CREATE DATABASE test LC_COLLATE = 'en-US-x-icu' TEMPLATE template0;
ksysdb=# CREATE DATABASE test LC_COLLATE = 'en-US-x-icu' TEMPLATE template0;
ERROR: invalid locale name: "en-US-x-icu"
LC_COLLATE
with other locales:The LC_COLLATE
clause does seem to come with some strings attached, such as watching your encoding and specifying an appropriate template. But it seems to give error hints w non-ICU locales.
This works, for example: CREATE DATABASE test LC_COLLATE = 'en_US' TEMPLATE template0;
and this one gives a helpful user message:
ksysdb=# CREATE DATABASE test LC_COLLATE = 'en_US.ISO8859-15' TEMPLATE template0;
ERROR: encoding "UTF8" does not match locale "en_US.ISO8859-15"
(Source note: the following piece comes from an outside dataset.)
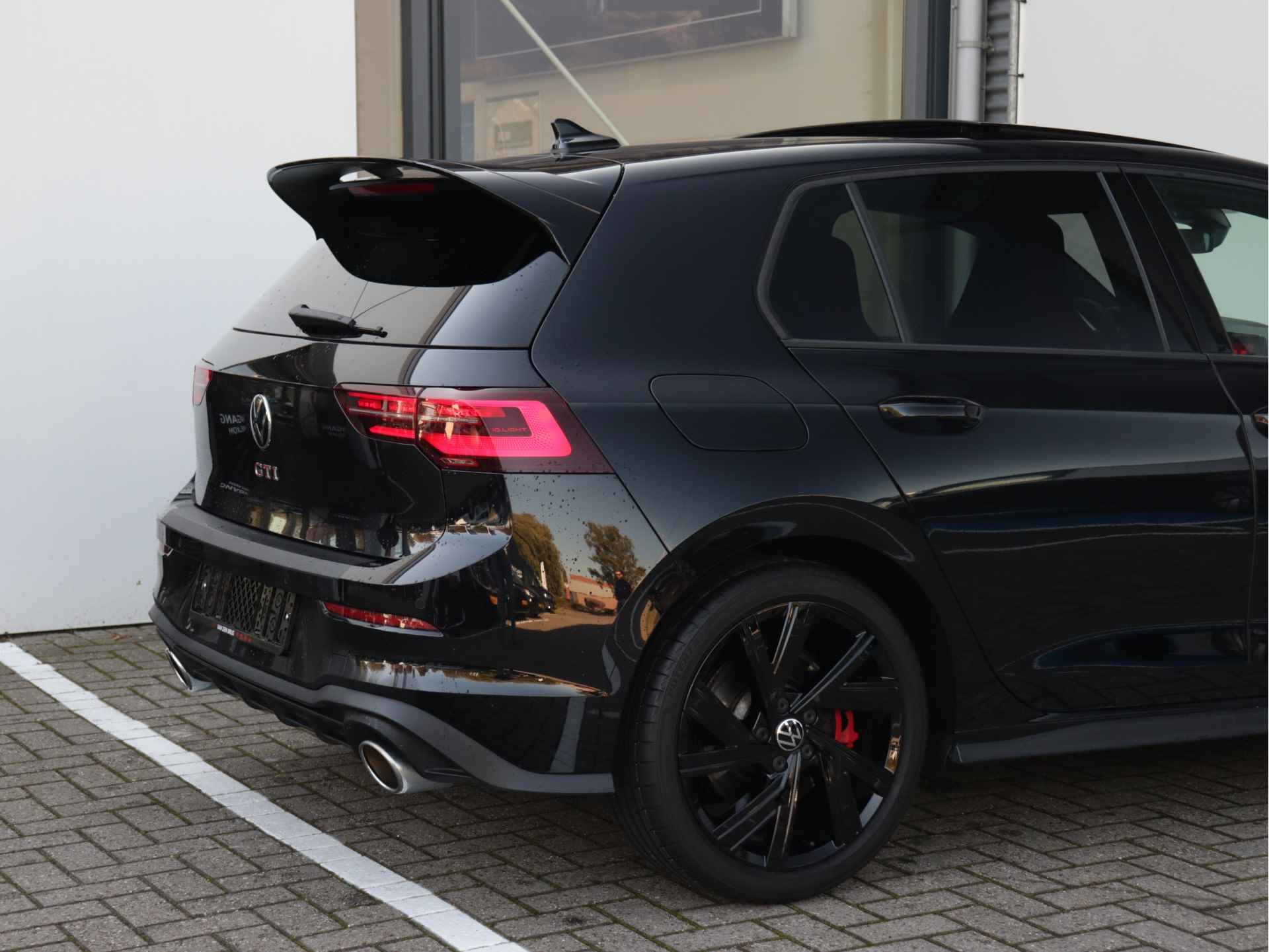 Volkswagen Golf 2.0 TSI GTI Clubsport | Panorama dak | Matrix LED | Achteruitrijcamera | Stoelverwarming | Black style | - 61/67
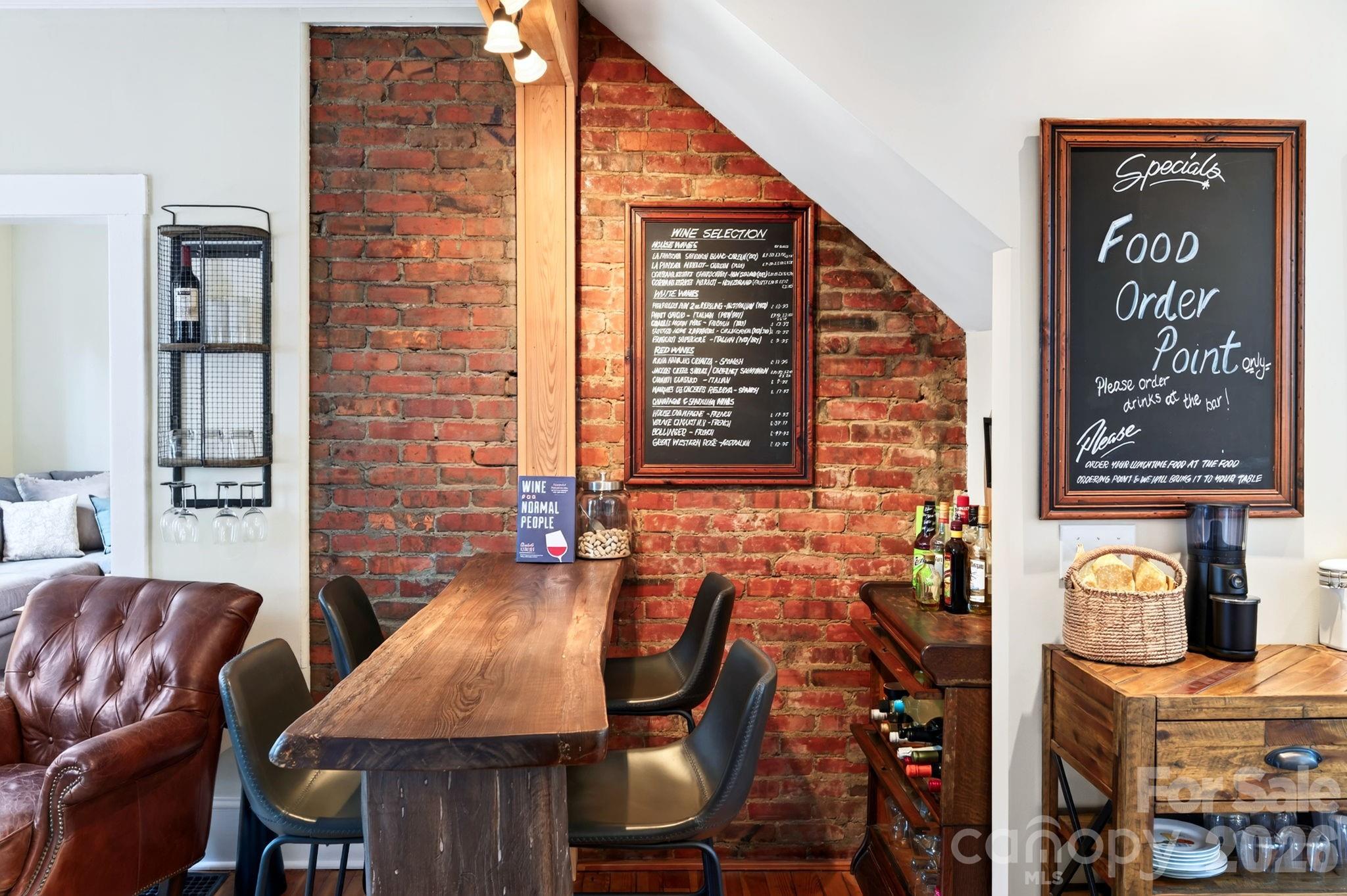 46 E Chestnut Street Property Photo 20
DETAIL: The chosen LC_COLLATE setting requires encoding "LATIN9".
Note: a related question, PostgreSQL 10 on Linux - LC_COLLATE locale en_US.utf-8 not valid, doesn't seem all that relevant, as the answer talks about generating an OS-level locale to fix the issue. While the ICU locales, as far as I understand, are expressly intended to be separated from the underlying OS.
This is possible from PostgreSQL v15 on:
CREATE DATABASE test
LOCALE_PROVIDER icu
ICU_LOCALE "en-US"
LOCALE "en_US.utf8"
TEMPLATE template0;
You still need to provide the libc locale, but the ICU library is used for collations.